Still, among the hundreds of unopened scrolls, there might be great works that Philodemus was describing; namely, complete copies of Epicurus’ original writings. Among the Villa dei Papiri scrolls are many that were written in Latin; these were mostly found in the capsae, presumably because someone was trying to save them, but they are more likely to contain literary works by Roman writers. And the Latin papyri are in even worse condition than the Greek ones. Sarah Hendriks, a young Australian papyrologist whom I met in the National Library in Naples, who works on the Latin scrolls, said, “While it is relatively easy to find individual letters, finding whole words can be only a weekly or monthly occurrence at most. Whole lines of text are extremely rare. I often look with envy at the Greek papyri!”

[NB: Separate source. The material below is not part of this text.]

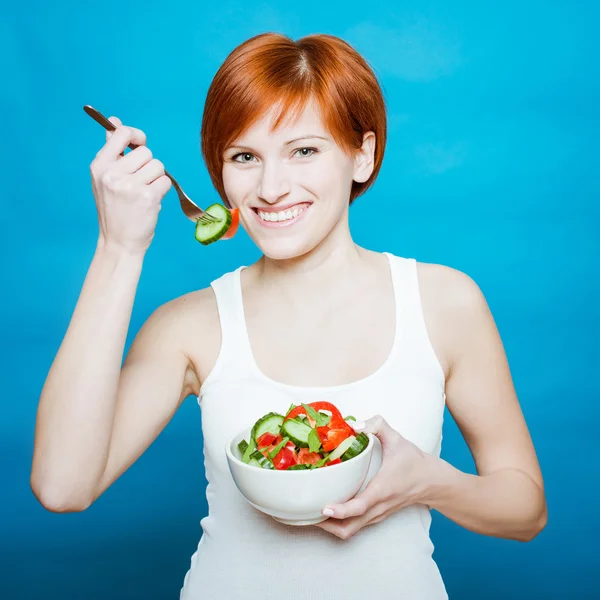 Primo piano della giovane donna felice che mangia insalata — Foto Stock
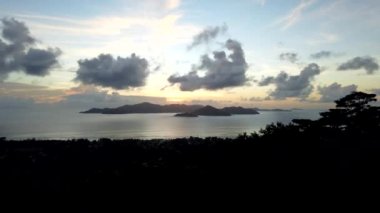 La Digue üst görünüm deniz manzarası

In 2005, Delattre attended a meeting in Oxford of the Friends of Herculaneum Society, a group of professional papyrologists and amateur Herculaneum enthusiasts. The keynote speaker was Brent Seales, a software engineer who is the head of the computer-science department at the University of Kentucky. He gave a talk about the possibility of “virtually unwrapping” the scrolls, using a combination of molecular-level X-ray technology, spectral-imaging techniques, and software designed by him and his students at the university.

Digital restoration—the application of modern imaging technology to the reading of ancient manuscripts—is not exactly Seales’s idea, but it has become his mission. His work has brought him renown in papyrological circles, and has made him something of a celebrity on campus in Lexington, where the school newspaper regularly reports on his progress. Seales does much of his manuscript work at the university’s Center for Visualization and Virtual Environments, where he is the director.

“The idea is that you’re not just conserving the image digitally—you can actually restore it digitally,” Seales explained, in his earnest, go-getter way. The potential struck him in 1995, when he was assisting Kevin Kiernan, an English professor, on a digital-imaging project involving the only extant copy of “Beowulf,” the medieval masterwork, which is in the British Library. The manuscript was damaged in a fire in 1731. The Kentucky team used a variety of techniques, including one called multispectral imaging, or MSI—developed by NASA for use in mapping mineral deposits during planetary flyovers—to make the letters stand out from the charred background. The basic principle is that different surfaces reflect light differently, especially in the infrared part of the spectrum. Inked letters will therefore reflect at different wavelengths from those of the parchment or vellum or papyrus they are written on.

As Seales worked on more manuscripts, he realized that what he had thought of as a two-dimensional problem was really three-dimensional. As a writing surface ages, it crinkles and buckles. If Seales could design software that reverse-engineered that aging process with an algorithm—“something like the stuff that lets you see the flag waving in reverse,” as he put it—he might be able to virtually flatten the manuscript. Back in Kentucky, Seales and his team put their concept to the test with King Alfred the Great’s Old English translation of “The Consolation of Philosophy,” by Boethius, which is also in the British Library. They studied the material science of the vellum that the medieval scribe had used, and, by modelling that on the computer, Seales was able to virtually smooth out the manuscript, making some letters visible for the first time.

Seales’s name got around to the curators of collections containing badly damaged manuscripts; he was the guy who could read the unreadable. “I came to think of it as the ‘impossible scenario,’ ” he said. “Every time we’d go to a collection, people would pull out stuff they couldn’t do anything with, and say, ‘O.K., you can do something with that, but what about this?’ ”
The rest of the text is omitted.